Tourism has been hit particularly hard. The city’s renowned Louvre museum was all but empty and popular attractions deserted. The operator of the Eiffel Tower confirmed that visitor numbers fell to 6.91 million last year — down 2.5 per cent even though numbers were up 1 per cent on 2014 until the attacks.

In a worrying sign that things are still not back to normal, Japan Airlines said that it would extend a suspension of flights between Narita airport and Charles de Gaulle because demand remained depressed following the November attacks.
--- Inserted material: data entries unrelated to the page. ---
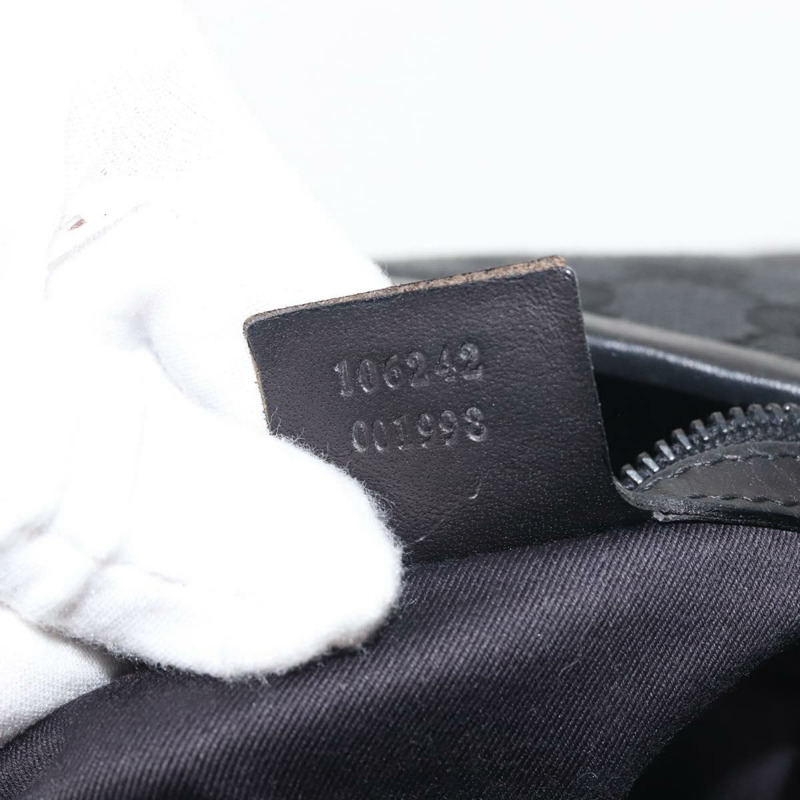 【日本直送】GUCCI GG帆布肩背包 黑色 銀色 106242 正品 144224-11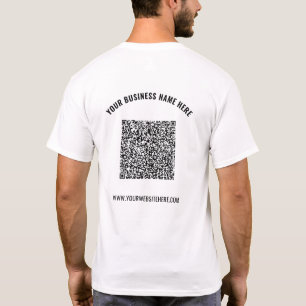 Your QR Code Scan Info Custom Text Company T-Shirt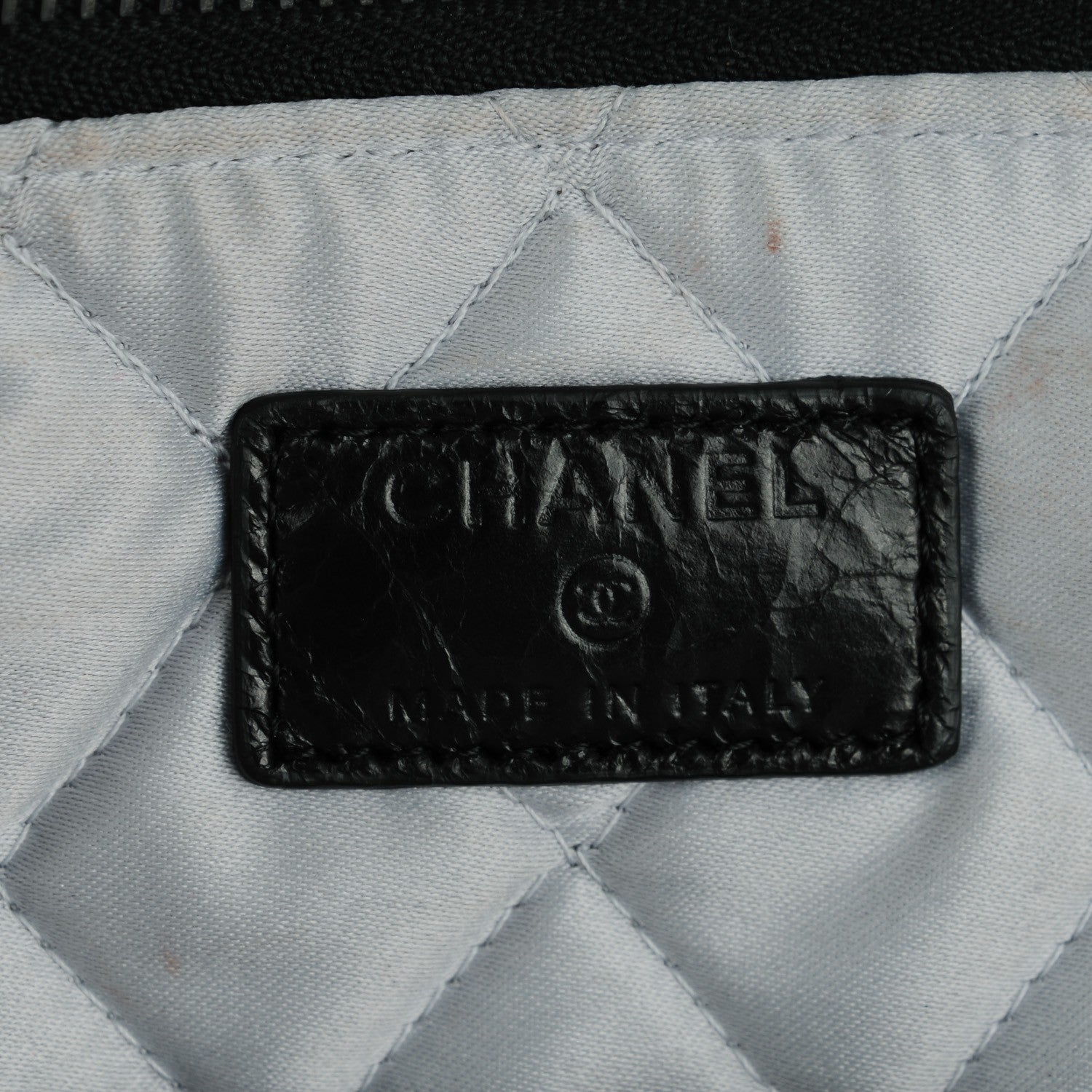 Chanel Crumpled Lambskin Quilted Large Slide Pouch Black 6 of 8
The airline had originally planned to cancel flights until the end of February but the suspension will now continue until March 15. “This is due to the decrease in demand after the terrorist attack,” JAL said.

France is the most visited country in the world, with 83.7 million international arrivals in 2014, according to the UN World Tourism Organisation. Tourism contributes about 7 per cent of France’s GDP, or 147 billion euros, and accounts for 1.1 million direct jobs.
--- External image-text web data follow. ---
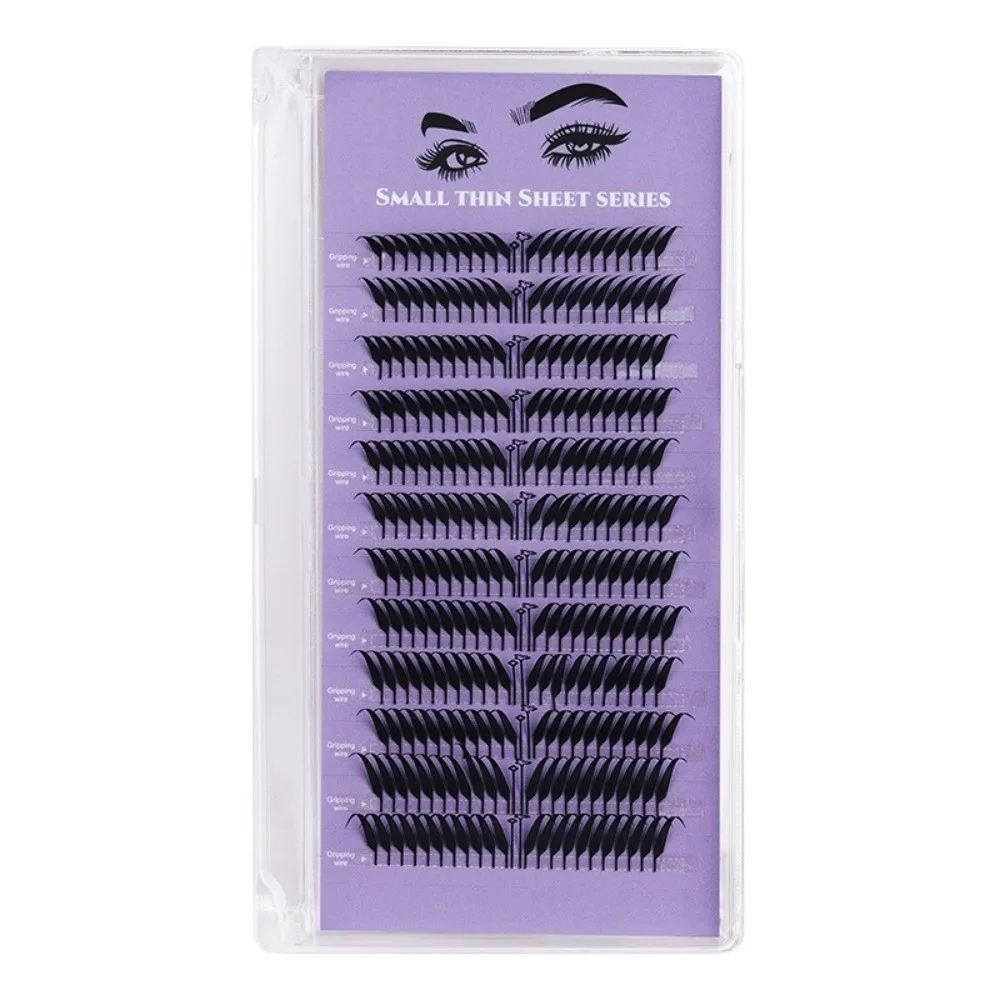 132/240 Clusters Curvature D Grafted False Eyelashes Thickness 0.04 Makeup Grafting Fake Eyelashes Mixed Length Comic/Natural view 4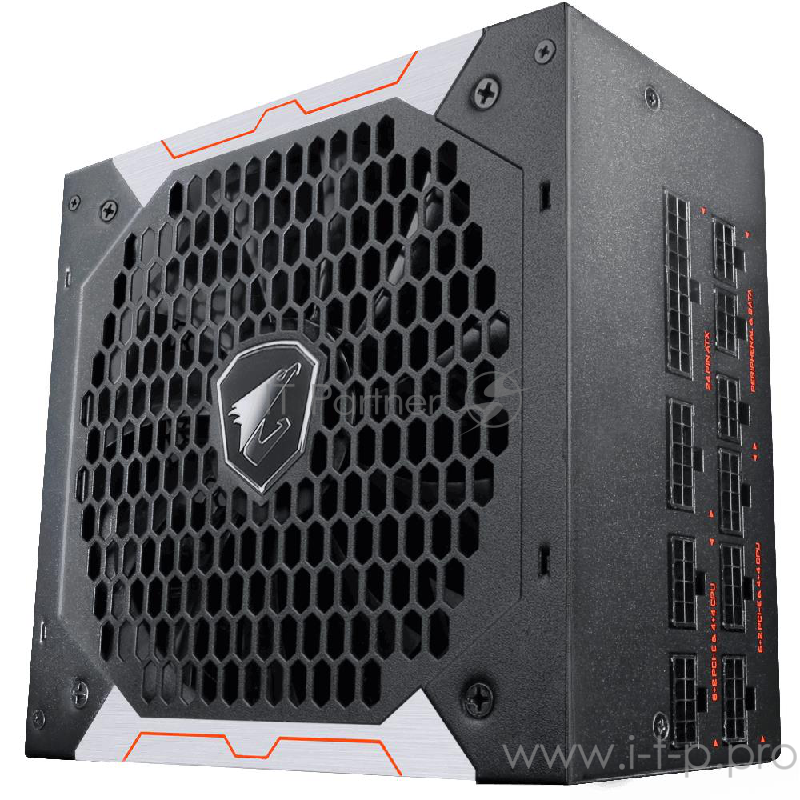 Блок питания 850Вт GIGABYTE AORUS P850W GP-AP850GM ATX12V V2.31 (20/24+4/8+6/8pin, вентилятор d135мм) + кабель питания EURO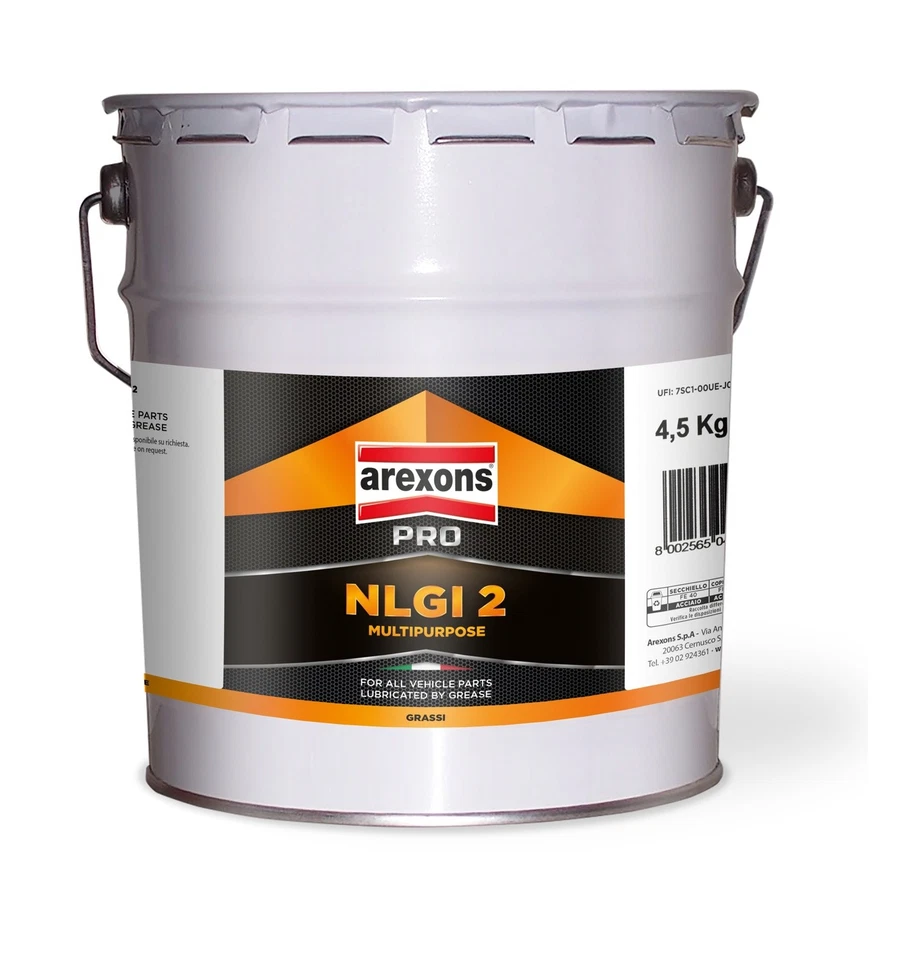 AREXONS GRASSO MULTIUSO NLGI2 4,5KG COD 42581 - Immagine 1 di 1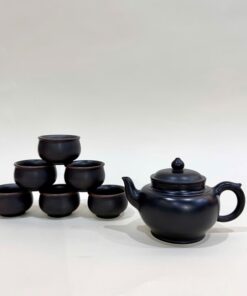 Ấm tử sa nê hưng tiêu anh hỏa biến thủ công trơn cao cấp 250ml BAT241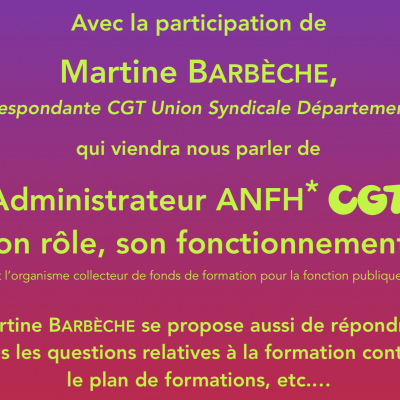 Annonce de la venue de Martine Barbèche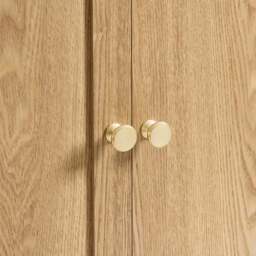 DUSK Ruby 2 Door Sideboard - Light Wood - thumbnail 6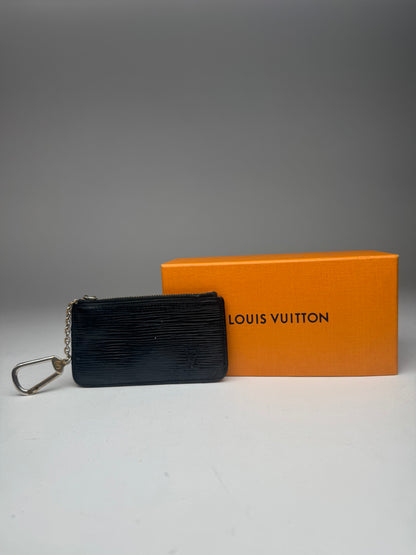 Vintage Louis Vuitton Le Dauphine EPI leather Card holder black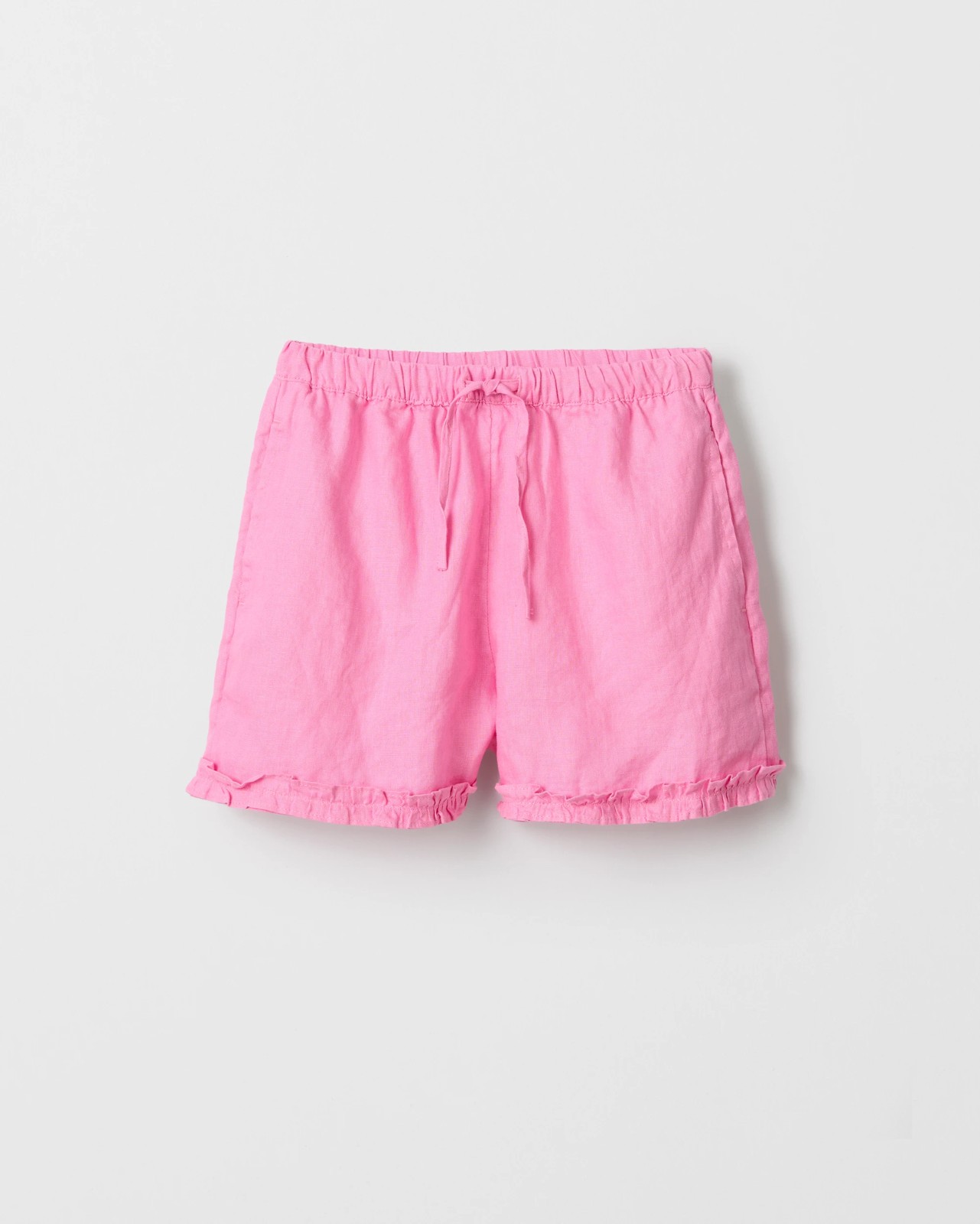 European Linen Frill Shorts - Pink 5 of 6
Restaurants, bars and cafés have also suffered. A survey by Synhorcat, the French hotel and restaurant operators’ union, in the week after the attacks suggested that sales were down 44 per cent compared with the same period a year earlier. “There is a strong economic impact for the whole sector,” Didier Chenet, the union’s president, said at the time.

Analysis by the French treasury, and first reported by RTL radio, suggested that the attacks could cost France’s economy as much as 2 billion euros, or roughly 0.1 per cent of gross domestic product — a number the treasury described as a “first estimate”.
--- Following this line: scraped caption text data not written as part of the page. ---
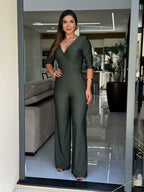 Macacão manga 3/4 suplex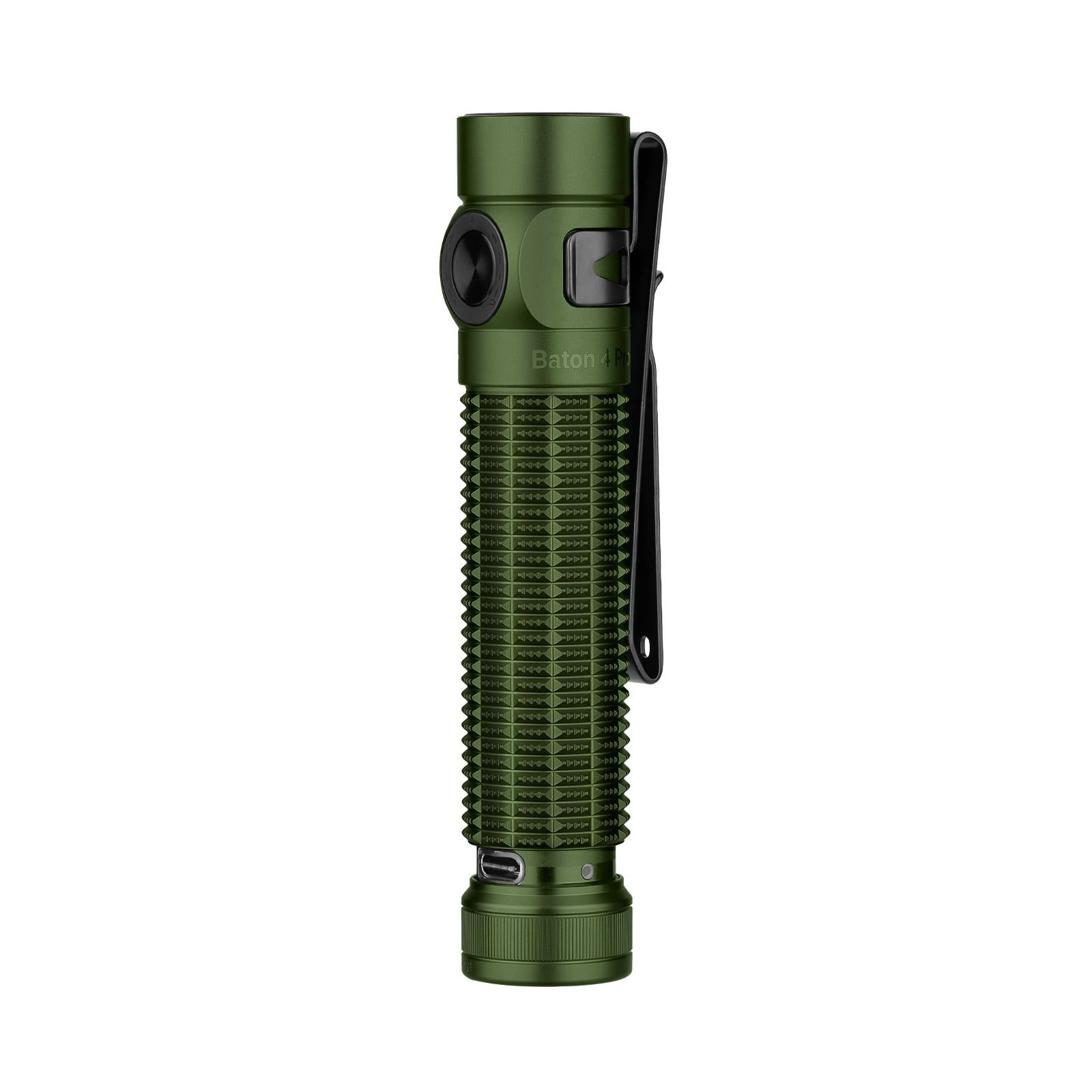 Olight Baton 4 Pro Dual Switch Compact Flashlight, 1600 Lumens, 200 Meters (OD Green CW)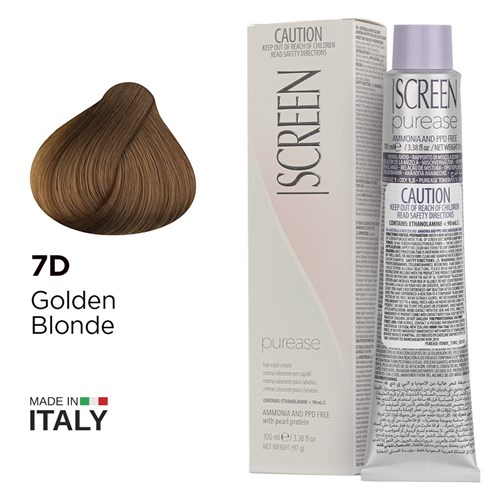 Screen purease color cream 7d golden blonde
In the immediate aftermath, sales at Galeries Lafayette and its competitors fell 50 per cent at flagship stores, just as the critical Christmas shopping period was supposed to be in full swing.

MKG Group said that it saw the potential for a recovery in the hotel sector starting February. It also pointed to the positive effect of forthcoming events such as the Euro 2016 football tournament, which France will host.

But Paris, and France more generally, is not back to normal yet.